Patrick MacMahon's descendants operate a French winery today
*Editor's Note: Peter Garland, M.A. authored the following piece about Patrick MacMahon, whose father's family emigrated to France following the Treaty of Limerick.
Avenue Mac-Mahon, radiating out from the Arc de Triomphe, is named for Patrick Mac-Mahon, President of the French Republic from 1875 to 1879 - one of France’s greatest soldiers, member of a Franco-Irish family, ancient lords of Munster. The MacMahons were Wild Geese who had resettled in Burgundy.
Patrick, born in June of 1808 at the Chateau de Sully, attends the French military school at St. Cyr. He becomes a military officer and, in 1830, is among those who invade Algeria and capture the city of Algiers.
Handsome Lieutenant Mac-Mahon makes himself remarked by his drive and bravery.

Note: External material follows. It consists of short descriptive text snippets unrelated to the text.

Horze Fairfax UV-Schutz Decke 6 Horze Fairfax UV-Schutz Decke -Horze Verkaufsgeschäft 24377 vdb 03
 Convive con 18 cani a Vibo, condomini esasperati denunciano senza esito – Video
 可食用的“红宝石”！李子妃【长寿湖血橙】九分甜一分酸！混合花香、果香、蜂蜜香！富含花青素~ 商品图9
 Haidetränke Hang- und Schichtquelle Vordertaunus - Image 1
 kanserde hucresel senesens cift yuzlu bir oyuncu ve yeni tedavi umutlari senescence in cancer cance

He receives the cross of the Knights of the Legion of Honor.
Monsieur Fulbert Dumonteilh tells us Mac-Mahon has a soldier’s body of steel: “His face is sweet and calm like an Irish landscape…(Then) You see him gallop past, his sword riveted to his hand; his eye shines…His orders issue forth like bullets…”
In the summer of 1831, joining the English to repel a Dutch invasion of Belgium, our busy Franco-Irishman is awarded the Cross of the Order of Leopold.
A great expedition is launched against Constantine, the capital of eastern Algeria, where Ahmed Bey ben Mohamed Chérif leads a fierce opposition against the invading French. Mac-Mahon inspires his Algerian-French troops, receiving a wound in the stomach from a shell.
The next day he leads the assault and is first to appear on the ramparts as the French take the city.
Mac-Mahon in December 1842 is promoted to Lieutenant-colonel in the newly-formed Foreign Legion.
By 1850 he and his troopers have carried the French colors to the frontiers of Morocco.
In 1852, after twenty-seven years of service, twenty-three of them in a hot Algeria of incessant battles, Mac-Mahon is promoted to general.
He is recalled from Africa in 1855 to assist the French and English battle Russia in the Crimean War.
For so long Russia has sought sovereignty over the Black Sea and the Bosphorus. England, joining with France, must take Sebastapol, the main Russian naval base in the Crimea.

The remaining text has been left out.